José Ruiz de Rivera (September 18, 1904 March 12, 1985) was an American abstract sculptor.

Life and career
José Ruiz de Rivera was born in Baton Rouge, Louisiana and grew up in New Orleans. He dropped out of high school, but finished at a boarding school. He worked on a plantation fixing farm machinery. In 1924, he moved to Chicago. He studied drawing with muralist John W. Norton and worked for the Federal Arts Project of the Works Progress Administration.

In 1932, he moved to Manhattan. He also worked as a model maker for Sikorsky Aircraft. He served in the United States Army Air Corps in World War II, and at the Training Aids Development Center.

In 1946, he had his first one-man show at the Mortimer Levitt Gallery, New York City.

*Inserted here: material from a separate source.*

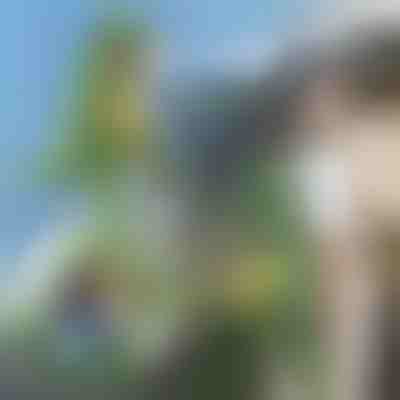 Rucsac în formă de dinozaur | DINOBACK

In 1947–52, de Rivera's Black, yellow, red (1942) was exhibited in the 25-venue Painting toward architecture exhibition organized by the Miller Company Collection of Abstract Art. The artwork received a lot of media attention during the exhibition and was the artwork spotlighted (via the one photo accompanying the article) in the New York Times article about the first venue of the exhibition at the Wadsworth Atheneum in Hartford, CT. A photo of the artwork was also used to accompany an article about the exhibition in Newsweek. Black, yellow, red was also featured in Henry-Russell Hitchcock's accompanying book Painting toward architecture (1948), with foreword by Alfred Barr of the Museum of Modern Art, New York. The artwork was also the basis for the cover of a Miller Company heater design catalogue, thematically called "A spiralating heat wave".

In 2002–03, the Valerie Carberry Gallery in Chicago exhibited Jose de Rivera: Abstract Sculpture, Painting and Works on Paper.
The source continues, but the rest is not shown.